Supplied information below:

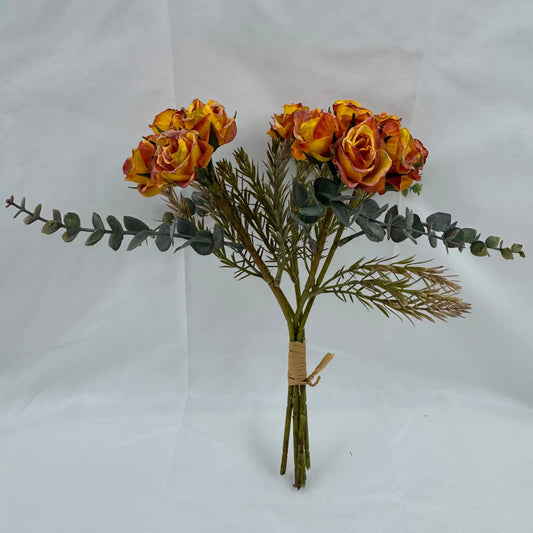 Orange Silk Burnt Edge Rose Bud Bush - 20 Heads RosesHQ.com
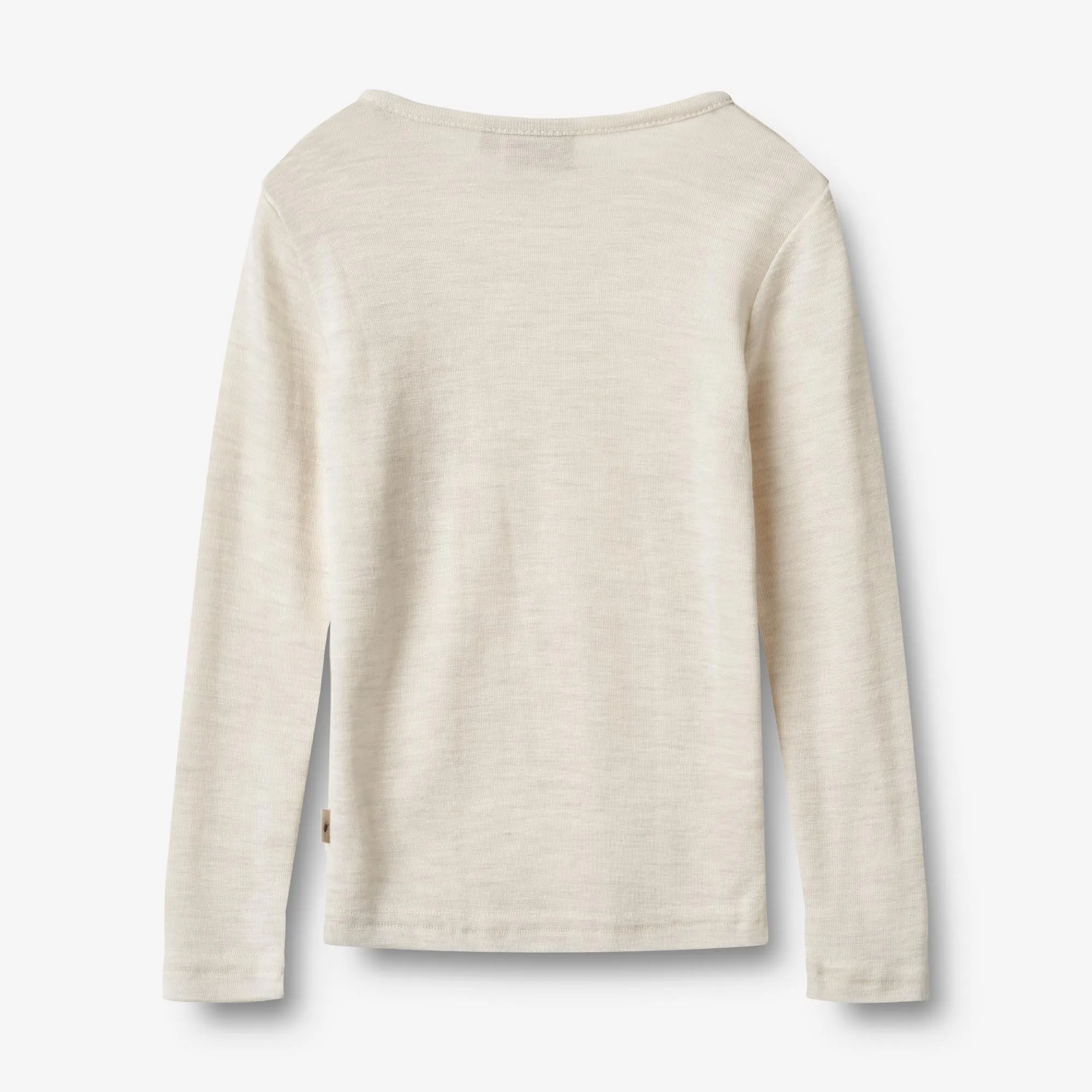 Wool T-Shirt L/S Alfie - eggshell melange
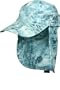 Aqua Design Voyager Sun Protected UPF Camo Fly Fishing Long Bill Cap & Optional Protective Cape (Aqua Sky)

End of Supplied information.

*Task to complete*. From the material above, write out exactly the lines from the line with "Wool T-Shirt L/S Alfie - eggshell melange" through the closing line, inclusive, and no pictures.

*Problem solution*.
 Wool T-Shirt L/S Alfie - eggshell melange
 Aqua Design Voyager Sun Protected UPF Camo Fly Fishing Long Bill Cap & Optional Protective Cape (Aqua Sky)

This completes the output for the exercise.